*DATA SUPPLIED*
──────────────────────────────

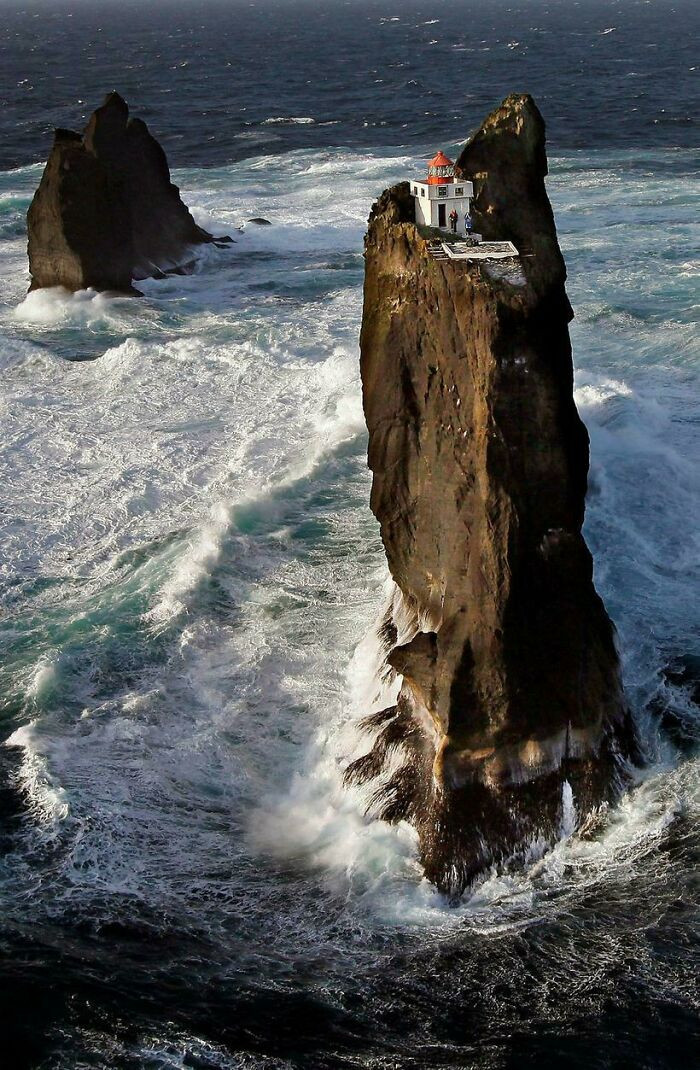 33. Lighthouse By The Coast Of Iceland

──────────────────────────────

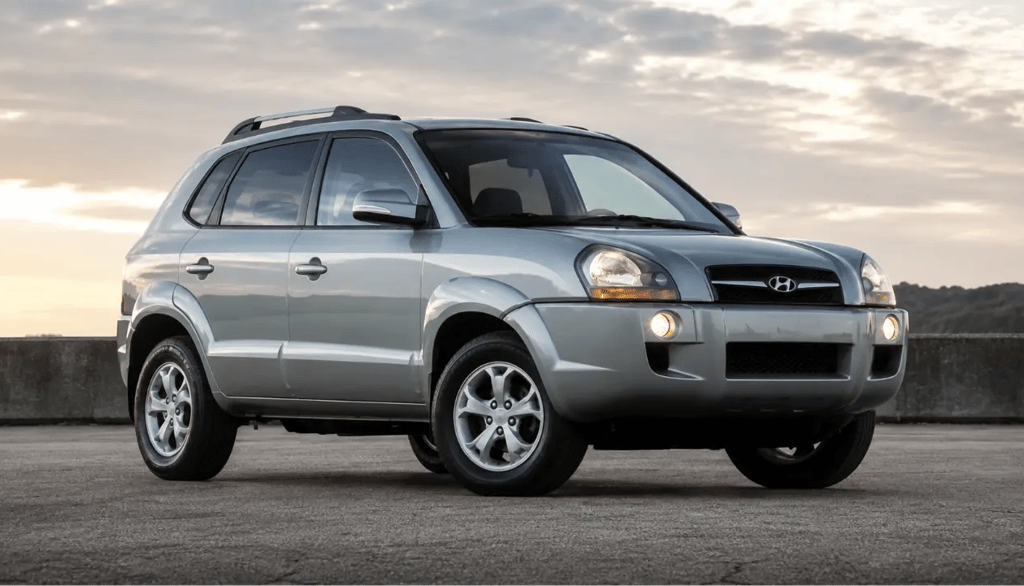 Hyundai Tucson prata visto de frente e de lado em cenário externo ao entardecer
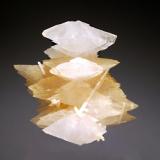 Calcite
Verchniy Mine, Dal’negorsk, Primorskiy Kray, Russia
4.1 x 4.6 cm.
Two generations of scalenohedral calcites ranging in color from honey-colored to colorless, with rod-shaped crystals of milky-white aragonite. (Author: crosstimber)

──────────────────────────────

*EXERCISE DETAILS*
Retype the lines above exactly as they appear, from the line containing "Hyundai Tucson prata" through the line containing "Two generations of", and leave out any pictures.

*EXERCISE OUTPUT*
 Hyundai Tucson prata visto de frente e de lado em cenário externo ao entardecer
 Calcite
Verchniy Mine, Dal’negorsk, Primorskiy Kray, Russia
4.1 x 4.6 cm.
Two generations of scalenohedral calcites ranging in color from honey-colored to colorless, with rod-shaped crystals of milky-white aragonite. (Author: crosstimber)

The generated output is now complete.